Что касается «мирного» населения, то в условиях «тотальной войны» оно перестает быть таковым, превращаясь в потенциальных комбатантов врага, а то и в его прямых пособников. Население оккупированной территории не может не работать, дабы не умереть с голоду, а так как власть принадлежит противнику, то это и есть пособничество. Наибольшего расцвета данный подход достиг в годы Великой Отечественной войны, когда каждый советский гражданин, оказавшийся (не по своей вине!) на оккупированной территории долгое время спустя и после войны подвергался определенным правовым ограничениям.
Каждый мужчина есть потенциальный солдат, а его семья — поставщик продовольствия для врага.
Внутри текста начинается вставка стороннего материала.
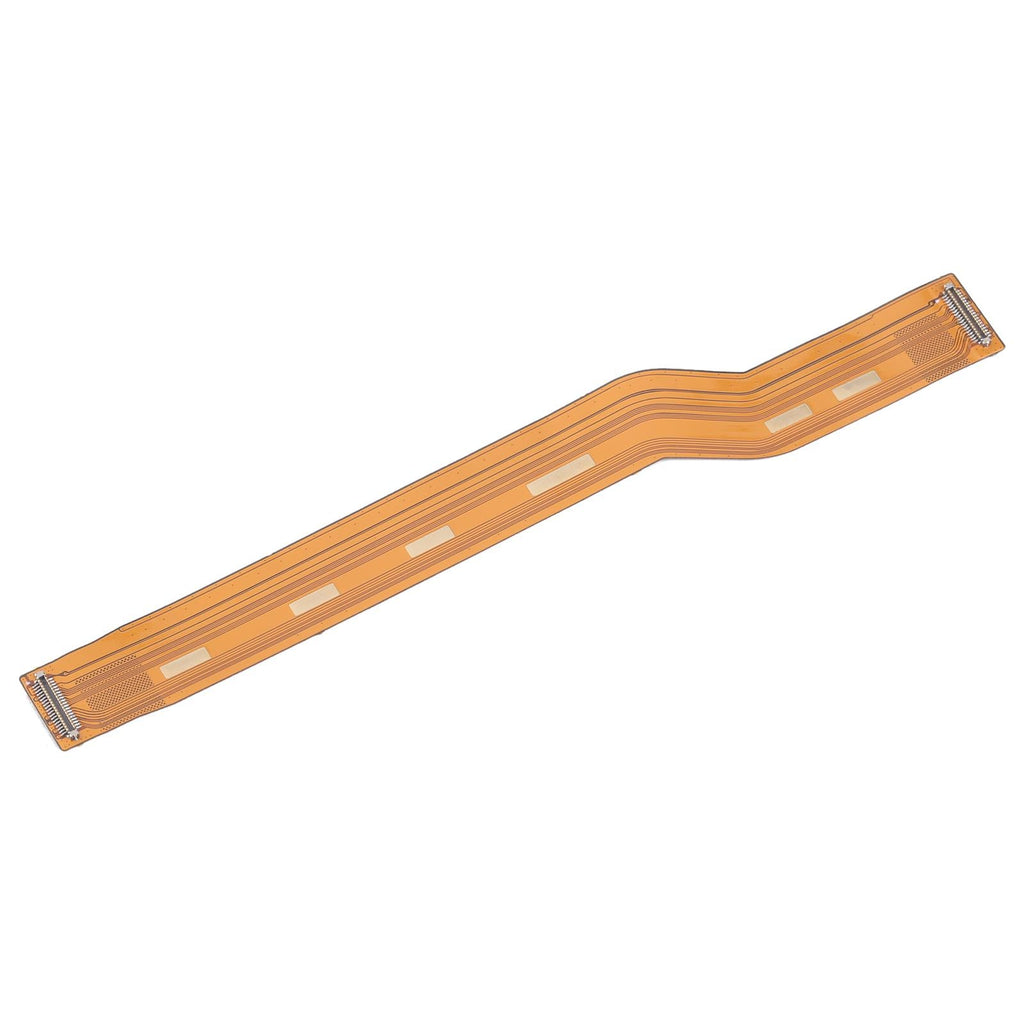 For Infinix Hot 20 5G X666B OEM Motherboard Flex Cable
Так, в годы Первой мировой войны понятие «военного плена», введенное международными актами, было распространено воюющими сторонами на все мирное население оккупированных областей.[410] Такова логика тотальной войны, но логика не столько объективная, сколько порожденная умами доктринерствующих военачальников и высших государственных чиновников.
В России же, где не кто иной, как сама Ставка Верховного главнокомандования, пыталась свалить с себя справедливые обвинения в некомпетентности ведения войны и напрасной гибели десятков тысяч людей в форме и без оной, доктринерство достигло высшей степени. Во имя этого Ставка встала во главе репрессивных мер против мирного населения приграничных областей, долженствующих перейти в руки победоносно продвигающегося на восток неприятеля. Такой шаг лишь усугубил тяжесть поражения.
Приказы «ни шагу назад» в ходе Горлицкой оборонительной операции привели к разгрому и практическому уничтожению 3-й армии Юго-Западного фронта. На пятый день операции начальник штаба Юго-Западного фронта ген. В. М. Драгомиров просил Ставку отменить приказ, и позволить обескровленным соединениям 3-й армии отступить за естественный рубеж реки Сан, чтобы перевести дух. Конечно, просьба была отклонена, а начальник штаба фронта — смещен со своей должности. Не мог же великий князь Николай Николаевич Романов признать, что он был неправ, а какой-то там генерал Драгомиров — прав. Результатом стали массовые сдачи русских солдат в плен, причем та же Ставка отдавала распоряжения о репрессиях в отношении к сдающимся, о чем подробно говорилось выше.
406
Васильев К. Транспорт России в войне 1914–1918 гг. М, 1939, с. 110.
407
См.: Россия и Первая мировая война (материалы международного научного коллоквиума). СПб. 1999, с. 132–133.
408
Редигер А. Ф. История моей жизни. Воспоминания военного министра. М., 1999, т. 2, с. 6.
409
Дмитриев Д. Доброволец. М.—Л., 1929, с. 22.
410
Жданов Н. Н. Военный плен в условиях мировой войны // Сборник статей по военному искусству. М, 1921, с. 96.